Characterization of a Novel Ionic Liquid Monopropellant for Multi-Mode Propulsion

Citation data:

53rd AIAA/SAE/ASEE Joint Propulsion Conference

Publication Year:
2017
Usage 3
Abstract Views 3
Repository URL:
http://scholarsmine.mst.edu/mec_aereng_facwork/3670
DOI:
10.2514/6.2017-4756
Author(s):
Mundahl, Alex J.; Berg, Steven P.; Rovey, Joshua L.; Huang, Ming; Woelk, Klaus; Wagle, Durgesh V.; Baker, Gary
Publisher(s):
American Institute of Aeronautics and Astronautics (AIAA)
Tags:
Aerospace Engineering; Chemistry
conference paper description
A deep eutectic 1:2 molar ratio mixture of choline-nitrate and glycerol [Cho][NO3] - glycerol is investigated as a fuel component in a binary mixture propellant for multi-mode micropropulsion. Specifically, binary mixtures of the novel ionic liquid fuel with hydroxyl-ammonium nitrate (HAN) and ammonium nitrate (AN) are considered and compared against our previously investigated propellant [Emim][EtSO4]-HAN. Chemical rocket performance simulations predict this new propellant to have higher performance (280 vs. 250 sec specific impulse) at lower combustion temperature (1300 vs. 1900K), relaxing catalyst melting temperature requirements and making it a promising alternative. Qualitative experimental investigation of synthesized propellants on a hot plate in atmosphere indicate the AN mixtures are significantly less reactive, and are therefore not investigated further.
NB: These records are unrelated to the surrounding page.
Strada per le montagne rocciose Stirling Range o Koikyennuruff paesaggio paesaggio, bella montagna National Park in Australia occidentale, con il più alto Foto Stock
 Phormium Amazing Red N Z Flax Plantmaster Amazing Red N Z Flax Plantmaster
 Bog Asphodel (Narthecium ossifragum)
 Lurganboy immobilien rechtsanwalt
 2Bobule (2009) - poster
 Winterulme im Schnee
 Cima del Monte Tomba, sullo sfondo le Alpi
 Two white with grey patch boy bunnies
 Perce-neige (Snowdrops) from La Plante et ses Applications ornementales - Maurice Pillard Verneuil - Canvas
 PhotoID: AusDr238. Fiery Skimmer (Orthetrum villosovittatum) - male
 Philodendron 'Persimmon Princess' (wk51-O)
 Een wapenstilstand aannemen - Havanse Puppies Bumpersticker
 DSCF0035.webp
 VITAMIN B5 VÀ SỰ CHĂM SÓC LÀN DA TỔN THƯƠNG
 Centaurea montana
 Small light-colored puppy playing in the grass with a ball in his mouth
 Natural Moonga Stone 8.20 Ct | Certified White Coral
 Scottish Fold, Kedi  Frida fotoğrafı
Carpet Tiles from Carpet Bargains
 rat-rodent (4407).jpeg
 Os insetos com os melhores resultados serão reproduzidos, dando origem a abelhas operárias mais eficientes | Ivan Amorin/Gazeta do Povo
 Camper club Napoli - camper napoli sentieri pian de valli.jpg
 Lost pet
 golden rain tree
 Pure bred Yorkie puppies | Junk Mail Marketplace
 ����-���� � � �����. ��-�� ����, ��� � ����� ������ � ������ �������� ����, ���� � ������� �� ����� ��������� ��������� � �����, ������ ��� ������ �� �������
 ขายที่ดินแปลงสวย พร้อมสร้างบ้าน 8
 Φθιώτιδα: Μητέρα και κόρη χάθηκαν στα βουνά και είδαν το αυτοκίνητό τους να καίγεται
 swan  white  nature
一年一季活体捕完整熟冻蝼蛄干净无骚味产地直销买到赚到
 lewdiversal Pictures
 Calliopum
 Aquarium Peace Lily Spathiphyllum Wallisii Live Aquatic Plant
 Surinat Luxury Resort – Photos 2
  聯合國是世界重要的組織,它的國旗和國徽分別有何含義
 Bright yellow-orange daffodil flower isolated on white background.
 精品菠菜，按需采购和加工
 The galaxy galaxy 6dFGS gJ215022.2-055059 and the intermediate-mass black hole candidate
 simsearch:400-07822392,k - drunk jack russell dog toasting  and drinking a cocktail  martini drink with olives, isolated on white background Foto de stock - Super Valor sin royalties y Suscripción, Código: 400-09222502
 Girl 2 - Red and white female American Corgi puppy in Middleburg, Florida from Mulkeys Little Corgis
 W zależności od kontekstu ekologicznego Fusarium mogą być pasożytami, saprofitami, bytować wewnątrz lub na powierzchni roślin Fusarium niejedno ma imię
Quantitative reactivity studies using a microreactor indicate that both 65:35% and 80:20% by mass [Cho][NO3] - glycerol to HAN propellants have a decomposition temperature 26-88% higher than [Emim][EtSO4]-HAN, depending on the catalyst material. Additionally, the decomposition rate (or self-heating rate) was 2 to 17 times slower for [Cho][NO3] - glycerol - HAN on titanium and platinum catalysts, but the 65:35% propellant decomposition rate was approximately 10 °C/s (37%) faster on rhenium. It was also observed that propellants with the novel ionic liquid fuel contain endothermic reaction steps, and therefore higher input heat flux was required to maintain a temperature rise. Overall the results indicate [Emim][EtSO4]-HAN with platinum catalyst is still most promising as a multi-mode micropropulsion propellant.